_YOUR GOAL:_ Please copy the records exactly as they appear, with all pictures left out.

_AVAILABLE DATA:_

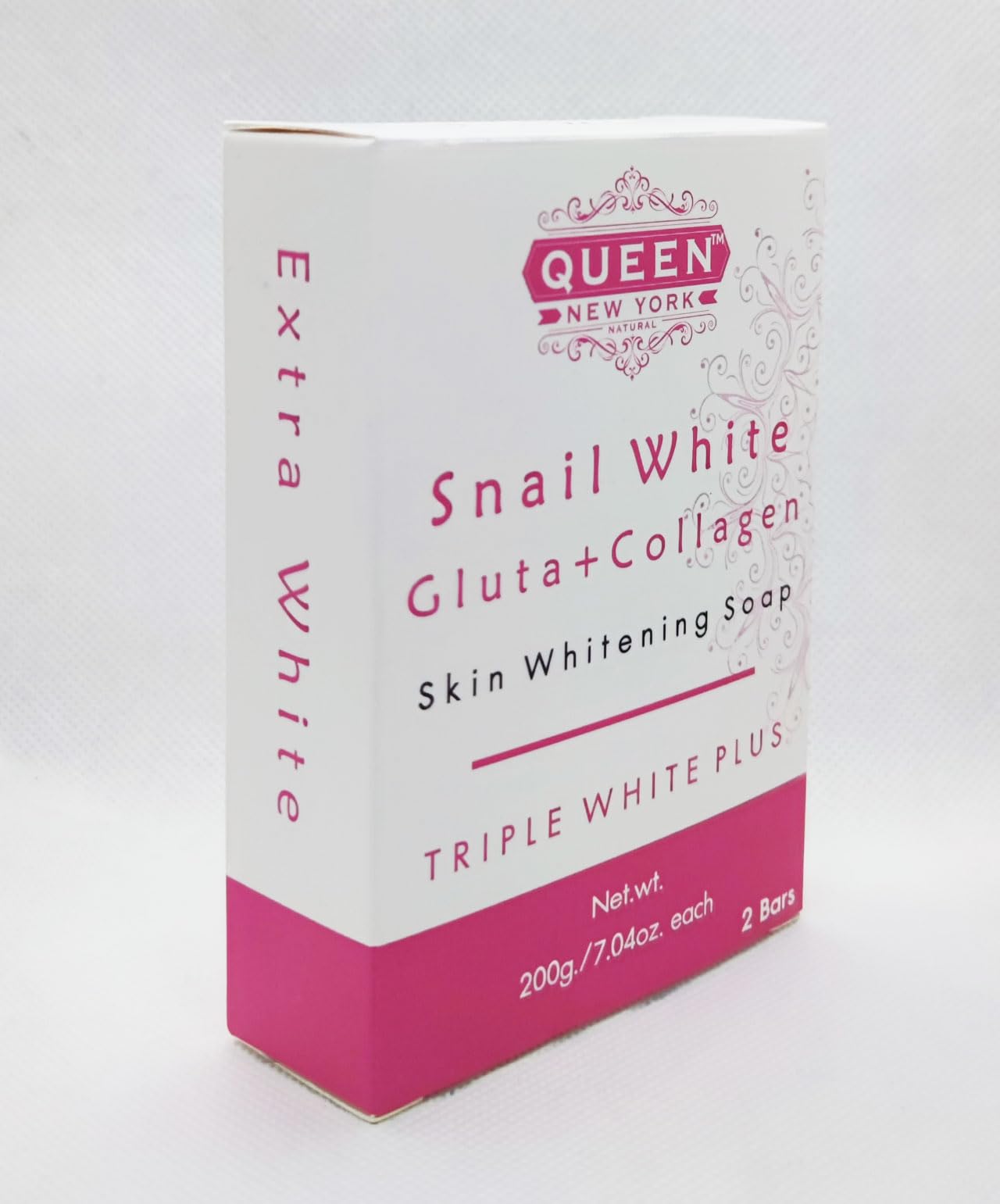 QUEEN SNAIL SECRET | Whip Soap Glutathione Collagen Skin Brightening Soap-Glowing,Radiance Skin, Dark Spots, Rejuvenate, Uneven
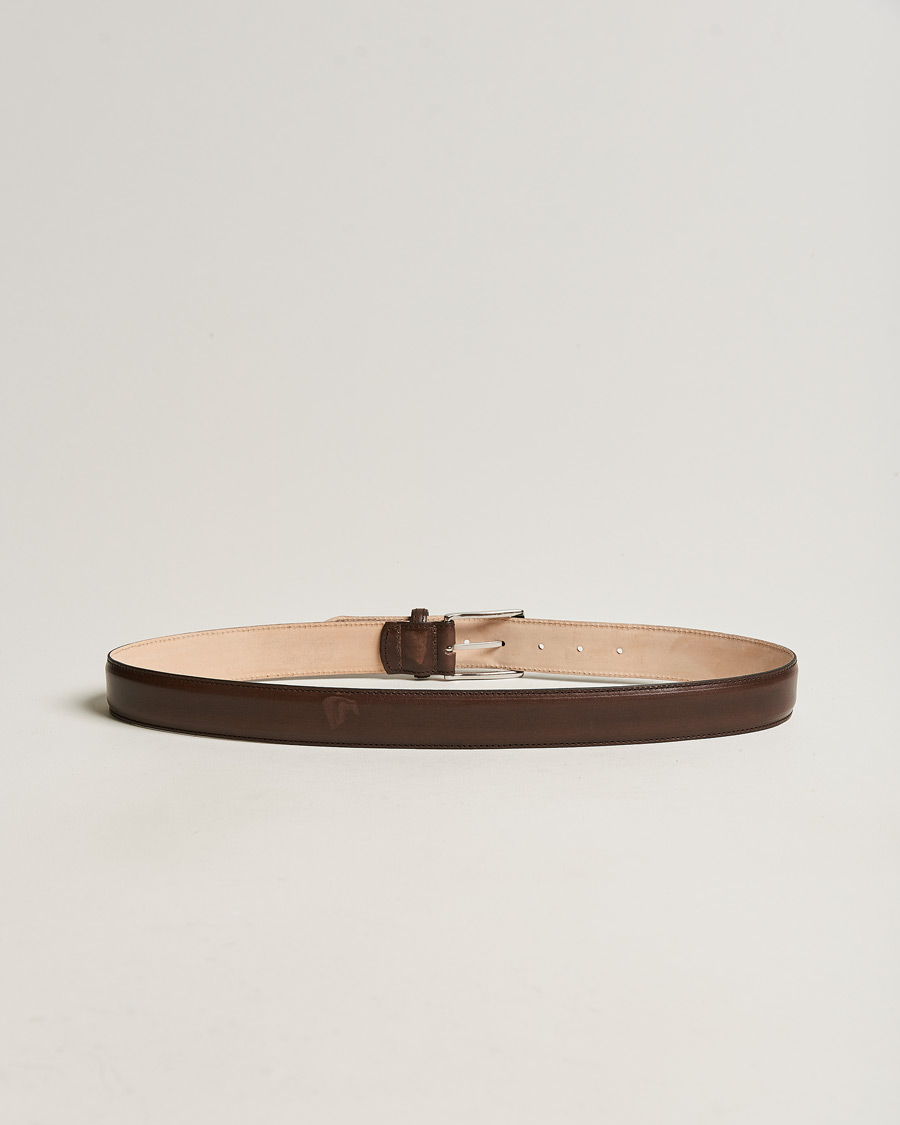 Herre |  | Loake 1880 | Henry Leather Belt 3,3 cm Dark Brown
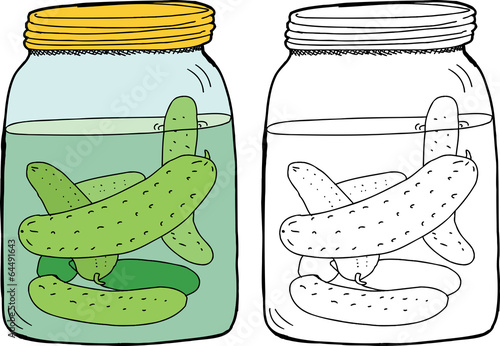 Isolated Dill Pickles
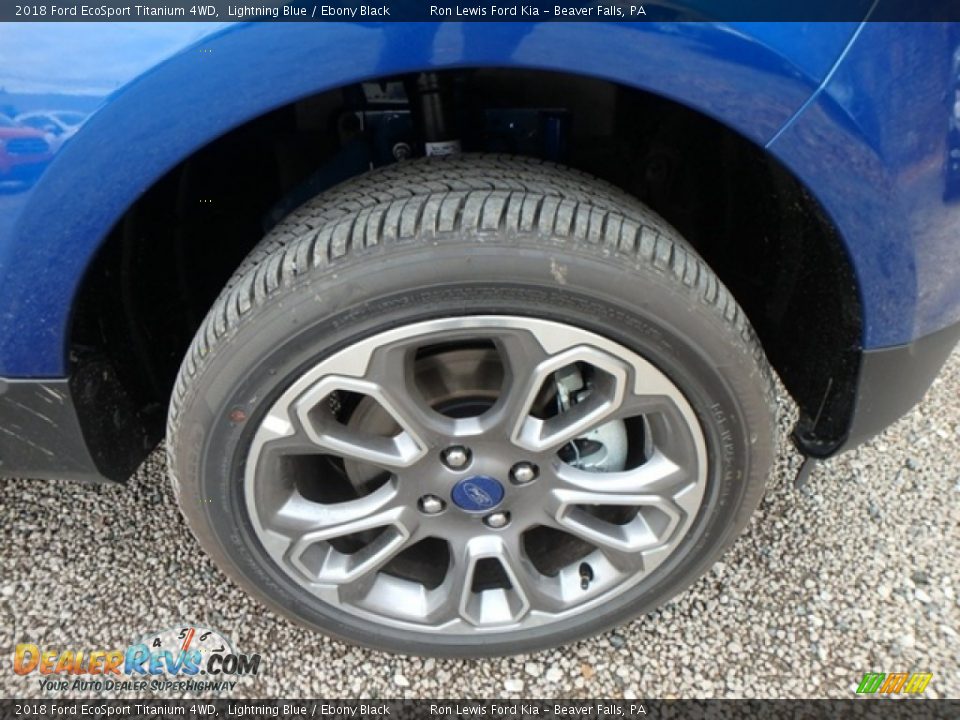 2018 Ford EcoSport Titanium 4WD Lightning Blue / Ebony Black Photo #10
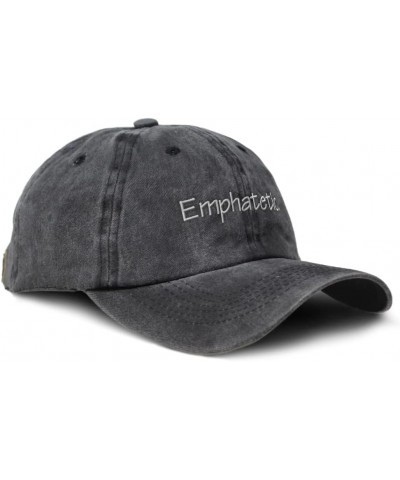 Custom Soft Washed Baseball Cap Emphatetic Human Values Dad Hats for Men & Women Black Design Only $12.04 Baseball Caps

_PROBLEM SOLUTION:_
 QUEEN SNAIL SECRET | Whip Soap Glutathione Collagen Skin Brightening Soap-Glowing,Radiance Skin, Dark Spots, Rejuvenate, Uneven
 Herre |  | Loake 1880 | Henry Leather Belt 3,3 cm Dark Brown
 Isolated Dill Pickles
 2018 Ford EcoSport Titanium 4WD Lightning Blue / Ebony Black Photo #10
 Custom Soft Washed Baseball Cap Emphatetic Human Values Dad Hats for Men & Women Black Design Only $12.04 Baseball Caps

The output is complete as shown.